Two approaches have dominated attempts to develop synthetic blood. The first approach uses linear binding kinetics, unlike the nonlinear binding of Hb. The most notable is the perfluorochemical emulsion called Fluosol-DA. Fluosol-DA was initially approved by the FDA for perfusion of ischemic tissues in the setting of percutaneous coronary intervention. However, it had little use because it carried O ₂ only when the Pa o ₂ was more than 300 mm Hg. Fluosol was withdrawn from the market in 1994. Another perfluoro compound, perfluorooctyl bromide, carries three to four times more O ₂ , has a longer half-life, and presumably fewer problems than are associated with Fluosol-DA, but it is not available on the market.

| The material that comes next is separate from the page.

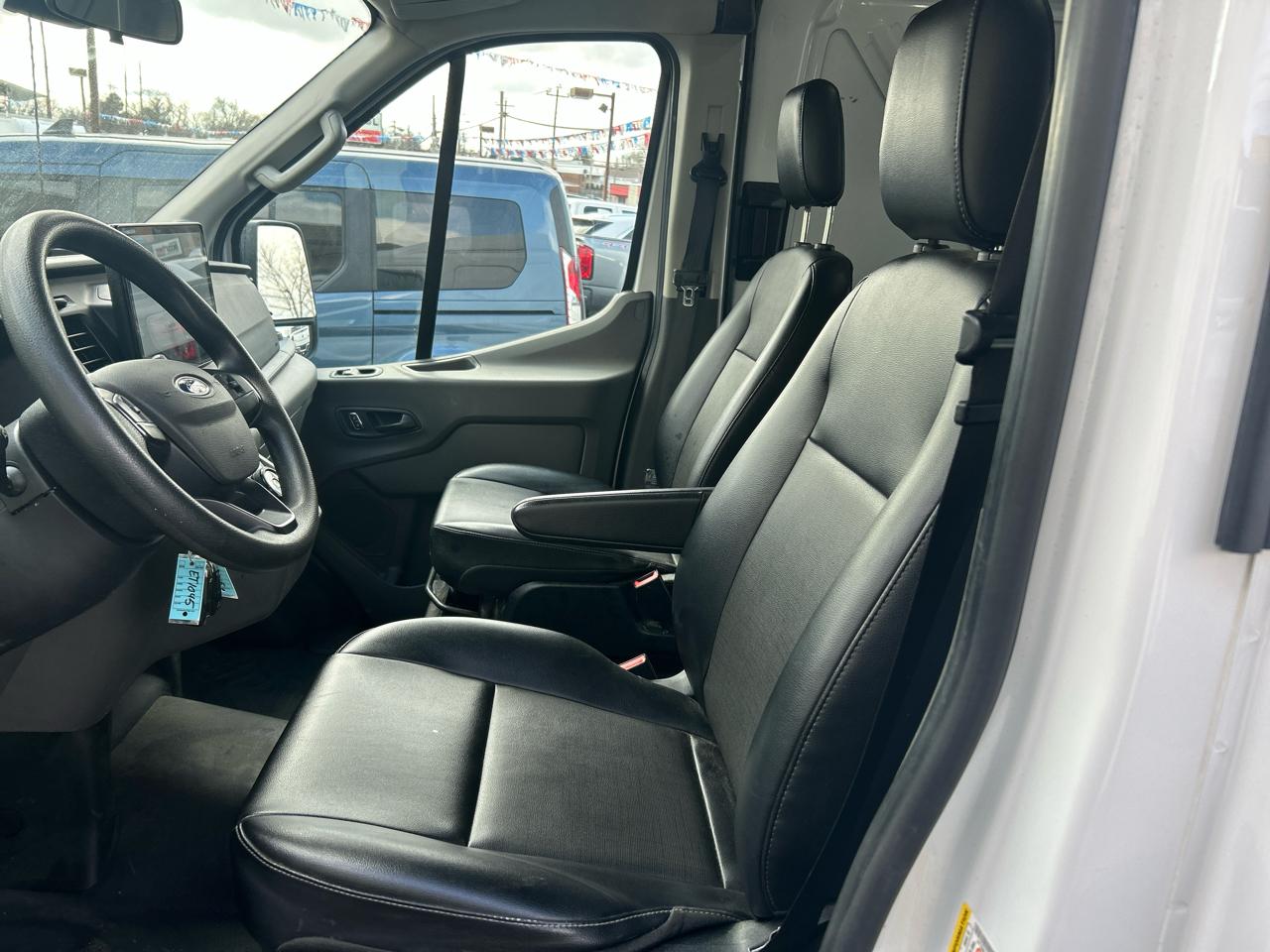 Ford E-Transit Cargo Van T-350 148" EL Hi Rf 9500 GVWR RWD 2022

Most HBOCs modify the Hb molecule from humans, animals, or recombinant technology. Original efforts required Hb to be stroma free to prevent nephrotoxicity. The stroma-free Hb needed to be modified to have a favorable O ₂ affinity (i.e., decreased O ₂ affinity/right shift in the O ₂ dissociation curve) and to extend its relatively short intravascular half-life. A variety of approaches have been used, including crosslinking, pyridoxylation and polymerization, and conjugation and encapsulation to accomplish this. Stroma-free Hb causes severe arteriolar vasoconstriction of microvascular structures from NO scavenging, which is not beneficial for organ perfusion. A human recombinant hemoglobin (rHb 1.1) was made in Escherichia coli and functions as normal Hb in terms of O ₂ -carrying capacity, but it, too, was plagued by microvascular vasoconstriction. Although a subsequent iteration, rHbg 2.0, minimized NO scavenging and caused little arteriolar vasoconstriction when compared with rHb 1.1 and diaspirin crosslinked Hb, vasoconstriction may still prove to be their ultimate downfall.

Most clinical trials have shown increased use of allogeneic blood transfusions; however, the outcome of the HBOCs have been similar: failure in clinical trials due to increased adverse events. Natanson and colleagues performed a cumulative meta-analysis on 16 trials involving 5 different products and 3711 patients. They concluded that there was a significant increased risk for myocardial infarction and death when HBOCs were given, an outcome that was found among all the technologies (e.g., cross-linked, polymerized, or conjugated). An accompanying editorial concluded that a 30% increased risk for death and a threefold increase in the risk for myocardial infarction should preclude any additional studies.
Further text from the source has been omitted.